Until now, a teacher with three years of experience was guaranteed the right to receive a written reason for possible termination and the right to appeal the decision. Teachers in Kansas have had the right to due process since 1957. Without it, a teacher could be fired for being gay, or disagreeing politically with an administrator, and have no recourse.
The bill also provides $126 million to address disparities in public school funding. The Kansas supreme court ruled in March that the state’s current funding system is unconstitutional. The court had ordered the legislature to craft a solution before July 1. Some Republican lawmakers sought policy changes like the end of due process in exchange for supporting the funding measure.

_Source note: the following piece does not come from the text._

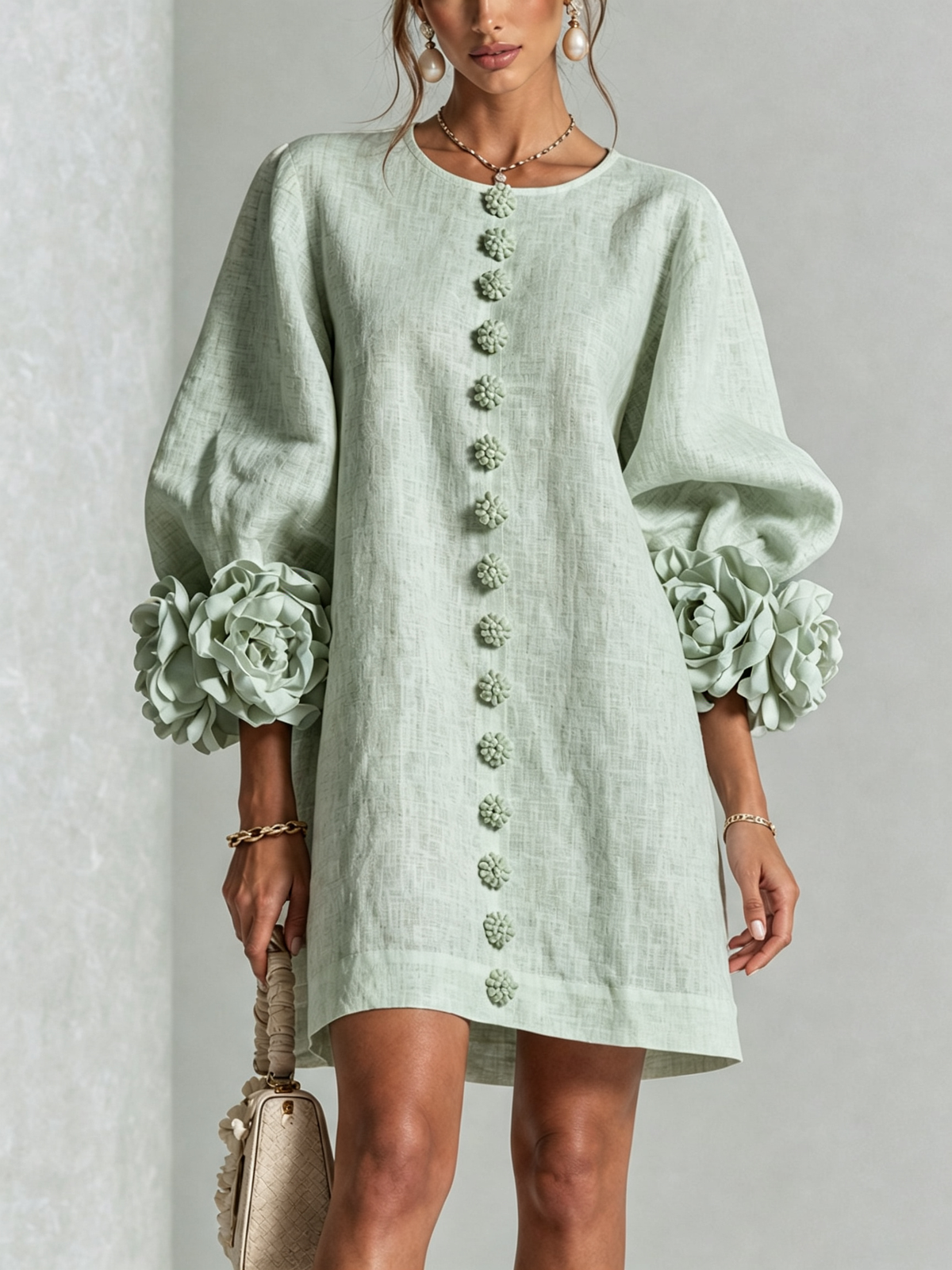 Freja | Elegant Klänning med Blommiga Manschetter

Republican Governor Sam Brownback has not said whether he will sign the bill. In a statement, Brownback did not mention the due process part of the bill. “The school finance bill passed by the Kansas Legislature today fully complies with, and indeed exceeds, the requirements of the recent Kansas Supreme Court ruling for funding schools and providing equity,” he said. “The bill ensures that taxpayer dollars are spent efficiently, putting money in the classrooms to help teachers teach and students learn.”
Kansas’ teachers are among the lowest paid in the United States, with the state coming in 42nd in teacher pay. Educators fear that eliminating due process rights for teachers will make it even harder to retain talented teachers. “How do we get great teachers to come to Kansas when they’re already getting paid so little, and now they have no due process?” Aaron Estabrook, a school board member in the city of Manhattan asked msnbc. “How can we recruit them when they won’t be protected?”

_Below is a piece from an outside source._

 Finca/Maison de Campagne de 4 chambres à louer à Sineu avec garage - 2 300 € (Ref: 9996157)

Laura Hurla, a fifth grade teacher in Shawnee Heights, near Topeka, told msnbc that even though she trusts her district’s administration to work with teachers, other districts might not be so lucky. “With fewer dollars per pupil and a pay scale based on experience, without any due process for experienced teachers, that’s really scary. We become at will employees,” Hurla said.
LGBT activists also condemned the bill. Tom Witt, the executive director of Equality Kansas, said that the bill will make it easier for homophobic administrators to fire teachers based on their sexual orientation. “There are gay and lesbian teachers in this state who are perfectly good teachers, but the only reason they still have their jobs is, even though their administrators wanted to get rid of them because of their sexual orientation, they couldn’t,” Witt said. “You take away this protection. It’s not like people can go back in the closet.”

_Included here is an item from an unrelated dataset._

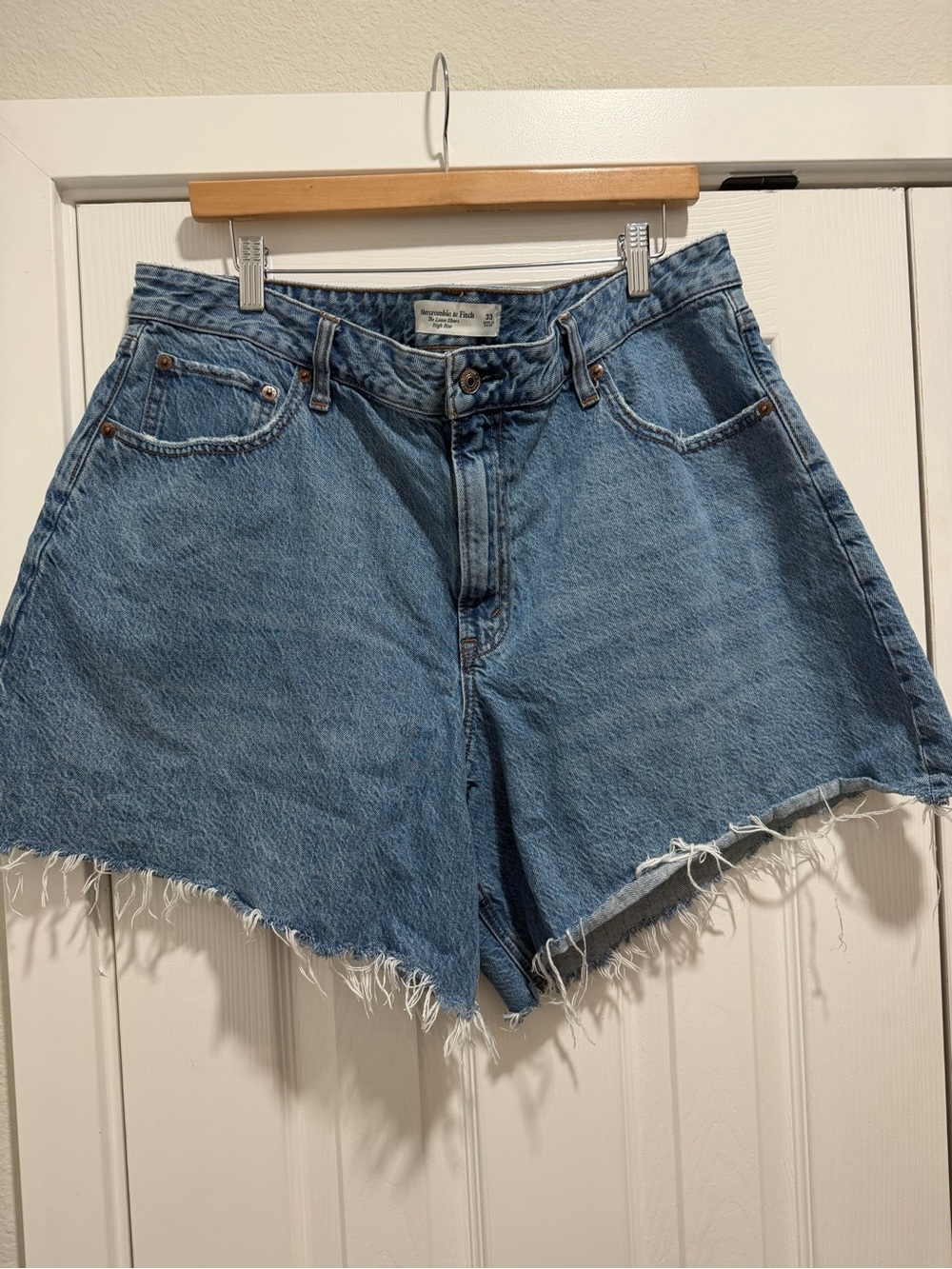 Abercrombie & Fitch The Loose Short High Rise Size 33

The Kansas branch of Americans for Prosperity, the group founded by conservative billionaires Charles and David Koch, had pushed for the change and lauded the elimination of due process for teachers. Jeff Glendening, AFP-Kansas’ state director, called the bill’s passage “a great win for Kansas students.”
Some measures supported by the most conservative members of the legislature did not make it into the final bill. There were provisions that would have blocked funding for Common Core, the nationwide academic standards. There was also a proposal to provide tax credits to parents who send children to private schools or homeschool them.
Estabrook told msnbc that he will push for his district to keep the old system. “I haven’t seen any reason why those protections should be taken away. The process works,” he said. Hurla also said she hopes districts will still negotiate with teachers, but worries about the future. “Our teachers are extremely saddened.,” she said. “Worried about future teachers and losing good teachers to the private sector.”
Kansas has made deep cuts to its education budget in recent years. According to the Center on Budget and Policy Priorities, only seven states cut more funding per student between 2008 and 2013.